- Brief descriptive captions
+++

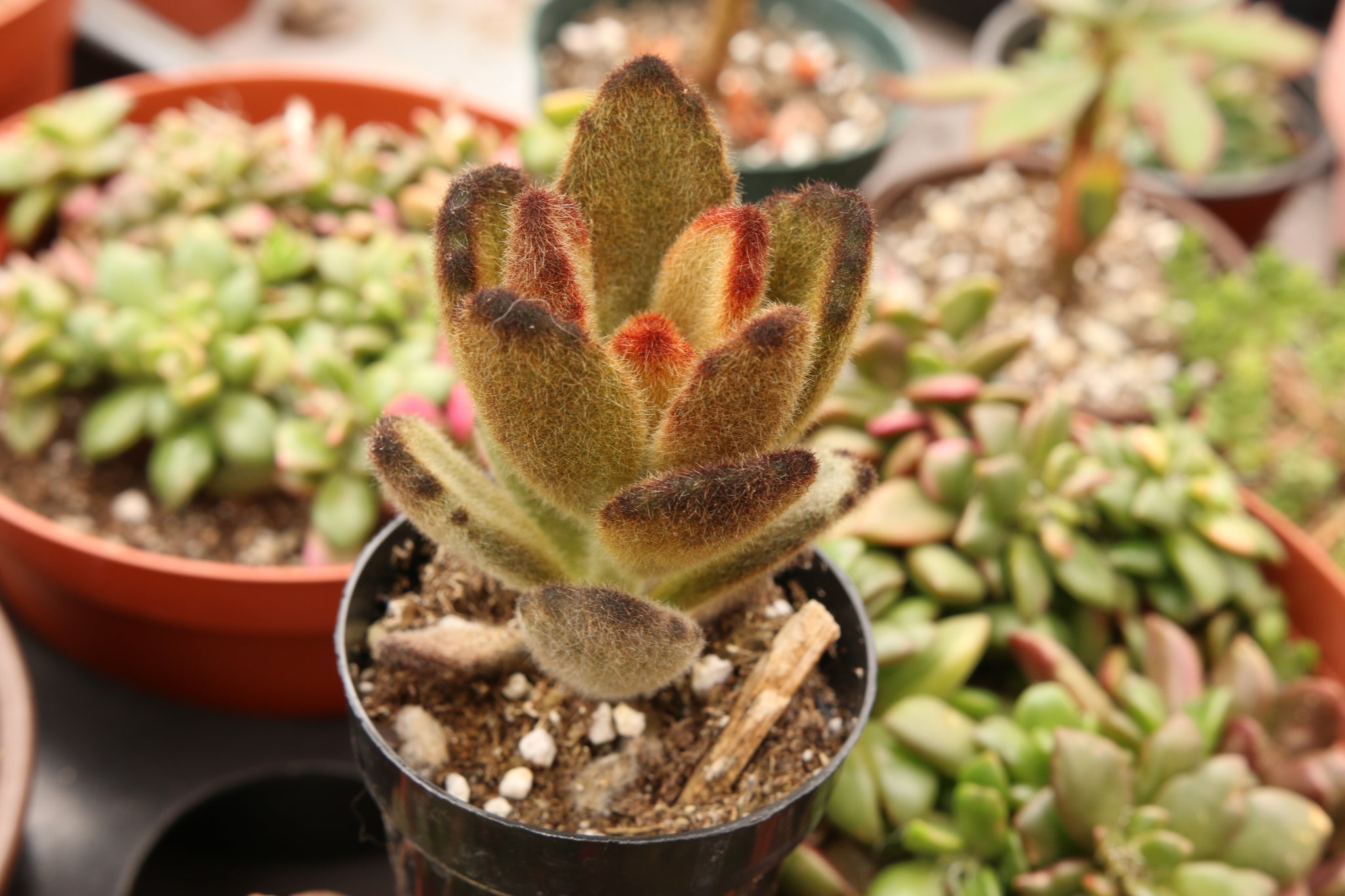 Kalanchoe Tomentosa Teddy Bear 2.5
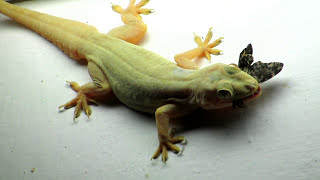 Lizard eating Butterfly Close Up Zoom Video  House Gecko Chipkali [upl. by Korb]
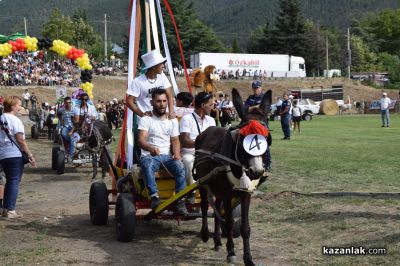 Биорали с магарешки каручки - Гурково 2025 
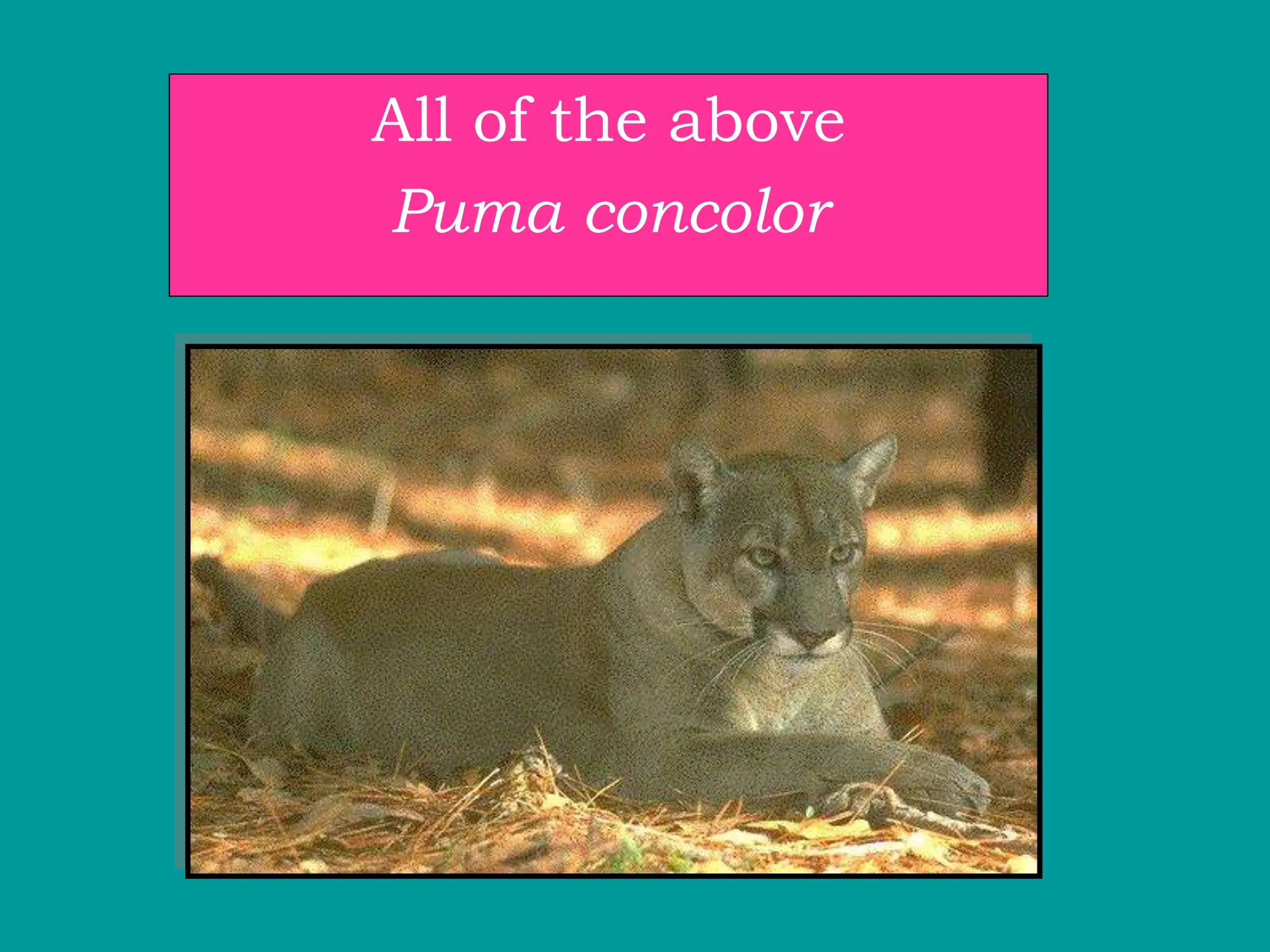All of the above
Puma concolor
 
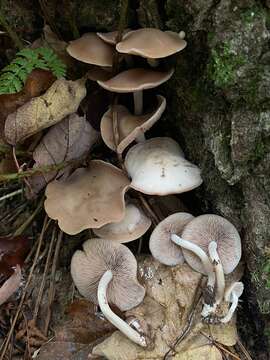 Image of Psathyrella conissans (Peck) A. H. Sm. 1972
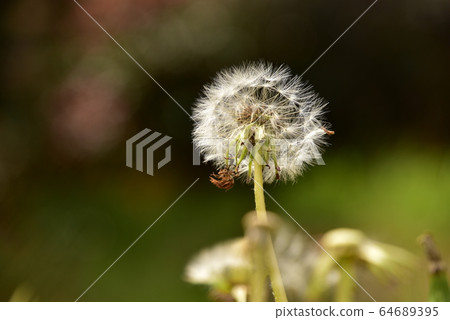White flower dandelion fluff 64689395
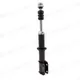 706200658_front_shock_2.jpg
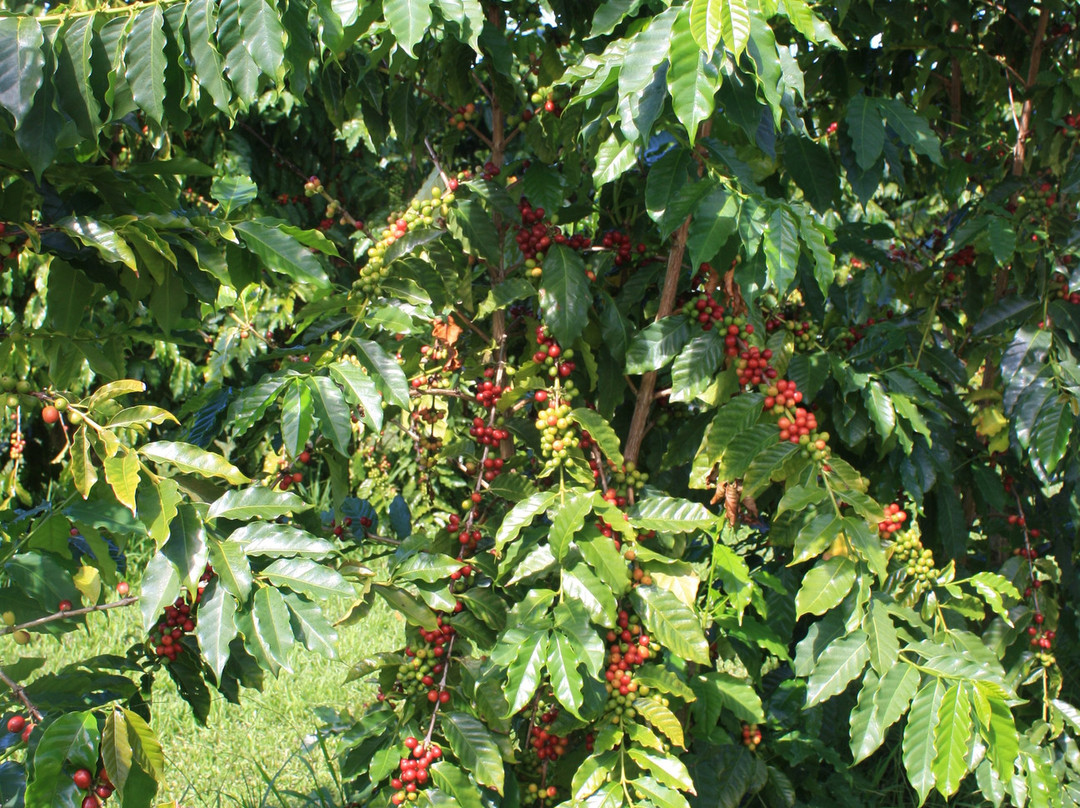 格林威尔农场-基亚拉凯库亚必去景点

+++

- TASK DESCRIPTION
Print, please, exactly the lines from the one holding "Биорали с магарешки каручки - Гурково 2025" through the final line of the data, both included, while leaving out each picture.

- WRITTEN REPLY
 Биорали с магарешки каручки - Гурково 2025 
All of the above
Puma concolor
 
 Image of Psathyrella conissans (Peck) A. H. Sm. 1972
White flower dandelion fluff 64689395
 706200658_front_shock_2.jpg
 格林威尔农场-基亚拉凯库亚必去景点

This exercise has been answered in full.